This book, intended as a paean to books, is built upon the foundations of many other books. The list runs too long to include them all, but here are a few of the brightest lights. Apuleius’s The Golden Ass and “Lucius the Ass” (an epitome possibly by Lucian of Samosata) retell the doofus-turns-into-a-donkey story with far more zest and skill than I do. The metaphor of Constantinople serving as a Noah’s ark for ancient texts comes from The Archimedes Codex by Reviel Netz and William Noel. I discovered Zeno’s solution to Aethon’s riddle in Voyages to the Moon by Marjorie Hope Nicolson. Many of the details of Zeno’s experiences in Korea were found in Remembered Prisoners of a Forgotten War by Lewis H. Carlson, and I was introduced to early Renaissance book culture by Stephen Greenblatt’s The Swerve.
This novel owes its greatest debt to an eighteen-hundred-plus-year-old novel that no longer exists: The Wonders Beyond Thule by Antonius Diogenes.
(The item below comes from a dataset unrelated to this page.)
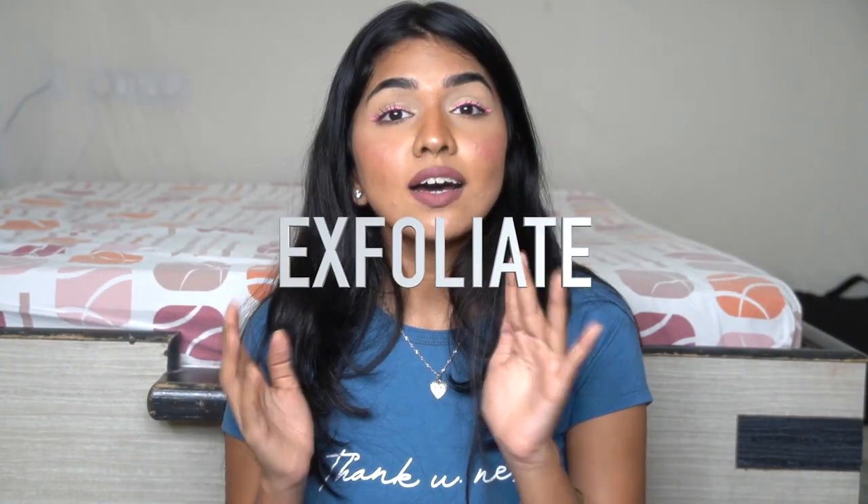The second step is exfoliation — it really helps to exfoliate before shaving. I have very thick hair so I definitely have to exfoliate beforehand. Sometimes if I don't shave for a longer period, the hair grows up and then falls back down and sticks to the body, because new skin is growing over it.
Only a few papyrus fragments of that text remain, but a ninth-century plot summary written by the Byzantine patriarch Photios suggests that The Wonders was a big globetrotting tale, full of interlocking subnarratives and divided into twenty-four books. It apparently borrowed from sources both scholarly and fanciful, mashed up existing genres, played around with fictionality, and may have included the first literary voyage to outer space.
According to Photios, Diogenes claimed in a preface that The Wonders was actually a copy of a copy of a text discovered centuries before by a soldier in the armies of Alexander the Great. The soldier, Diogenes said, had been exploring the catacombs beneath the city of Tyre when he discovered a small cypress chest. On top of the chest were the words Stranger, whoever you are, open this to find what will amaze you, and when he opened it he found, engraved onto twenty-four cypress-wood tablets, the story of a journey around the world.